When filing a motion for summary judgment, the moving party must comply with local Rule 56.1, which requires the party to file "a separate, short and concise statement of the material facts, in numbered paragraphs, as to which the moving party contends there is no genuine issue to be tried." M.D. Pa. L.R. 56.1. Once the party has filed such a statement, the non-moving party is required to file "a separate, short and concise statement of the material facts, responding to the numbered paragraphs set forth in the [moving party's] statement . . . as to which it contended that there exists a genuine issue to be tried. Id.
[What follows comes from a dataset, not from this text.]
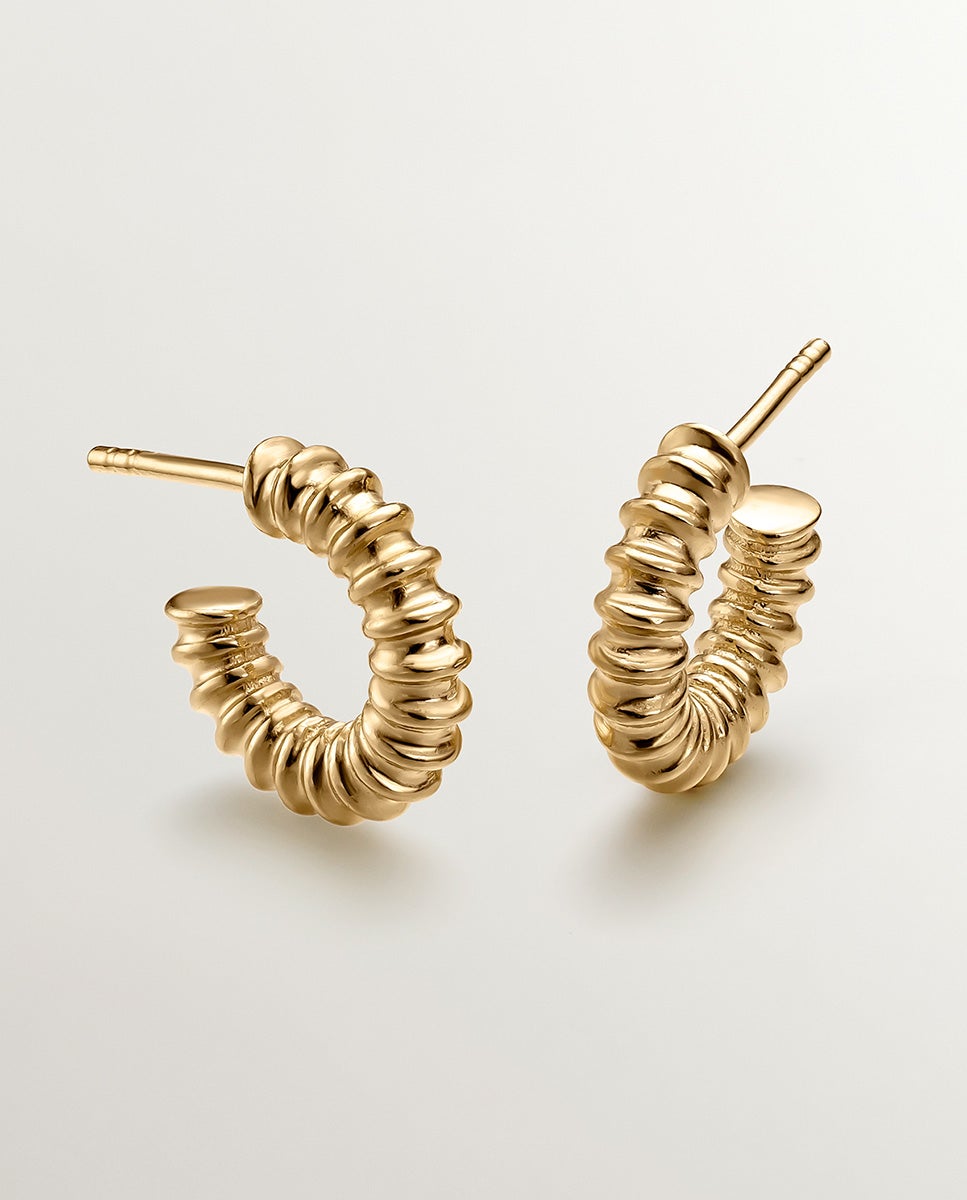Brincos de Aro Pequenos de Prata 925 com Banho em Ouro Amarelo de 18k e Acabamento em Relevo Ouro-3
Here, Adams filed a statement of material facts on August 5, 2019. Doc. 58. Despite being ordered to do so (doc. 67), and in contravention of Local Rule 56.1, Markle did not file a counter-statement of material facts; instead, Markle included a "statement of facts" in his brief in opposition to summary judgment in which he merely restated the allegations of his amended complaint. See doc. 71 at 1-5. While Markle's brief references various documents attached to his amended complaint throughout his statement of facts, he provides no citations to the record to support such statements. Consequently, we do not consider those documents. Cf. United States v. Dunkel, 927 F.2d 955, 956 (7th Cir. 1991) ("Judges are not like pigs, hunting for truffles buried in briefs."). Under these circumstances, Markle's failure to comply with Local Rule 56.1 compels us to treat Adams's material facts as undisputed. Accordingly, the following facts are undisputed.

Even when the litigant is pro se, courts have deemed a proponent's material facts undisputed when the pro se litigant fails to adequately file a counter-statement of material facts in accordance with Local Rule. 56.1. See Kuhn v. Capitol Pavilion, No. 1:11-CV-2017, 2012 WL 5197551, *9 (M.D. Pa. Oct. 19, 2012).
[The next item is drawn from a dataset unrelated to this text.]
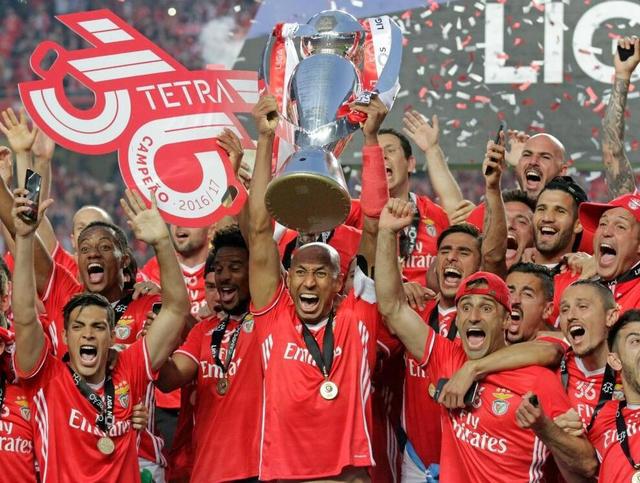 观众席坐满 观众席坐满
On January 19, 2017, Adams, a former Pennsylvania State Trooper, wrote an affidavit of probable cause for the purpose of obtaining a warrant for Markle's arrest. Doc. 58 at 1 ¶¶ 1, 2. The affidavit of probable cause provided that a confidential informant, Shaffer-Rockwell, contacted Adams regarding the purchase of methamphetamine from Markle. Id. at 2 ¶ 2. Shaffer-Rockwell organized a drug transaction with Markle to take place on October 26, 2016. Id. ¶ 5. Prior to the transaction, Adams searched Shaffer-Rockwell's person for drugs and money and found nothing. Id. ¶ 4. Adams then transported Shaffer-Rockwell to the designated location to meet Markle. Id. ¶ 5. Once Adams and Shaffer-Rockwell arrived at the designated location, a black colored Hyundai sedan parked next to Adams's vehicle. Id. ¶ 6. Adams identified Markle as the driver of the vehicle, and Shaffer-Rockwell exited Adams's vehicle and entered Markle's vehicle through the front passenger side door. Id. ¶¶ 7, 8. After the transaction took place, Shaffer-Rockwell returned to Adams's vehicle and provided Adams with a clear plastic bag containing crystal methamphetamine. Id. ¶ 9. At the direction of Adams, Shaffer-Rockwell organized another meeting with Markle for October 31, 2016. Id. at 3 ¶¶ 11, 12. Like the first transaction, Adams drove Shaffer-Rockwell to the designated location, and Markle arrived and parked next to Adams's vehicle. Id. ¶¶ 13, 14. Shaffer-Rockwell entered Markle's vehicle and then returned to Adams's vehicle with a clear plastic bag of crystal methamphetamine. Id. ¶¶ 15, 16.

Thereafter, a magisterial district judge signed off on an arrest warrant charging Markle with Delivery of and Possession with the Intent to Deliver a Controlled Substance, Criminal Use of a Communication Facility, and Possession of a Controlled Substance. Id. ¶ 18. And, during a routine traffic stop, police arrested Markle pursuant to the warrant. Id. ¶ 19. Ultimately, Markle was acquitted of all charges. Id. at 4 ¶ 22.

V. Discussion.

Markle claims, pursuant to 42 U.S.C. § 1983, that Adams violated his constitutional rights by way of unlawful arrest and incarceration, malicious prosecution, and civil conspiracy. Adams contends that Markle failed to adduce any evidence to support his claims, and in the alternative that he is entitled to qualified immunity.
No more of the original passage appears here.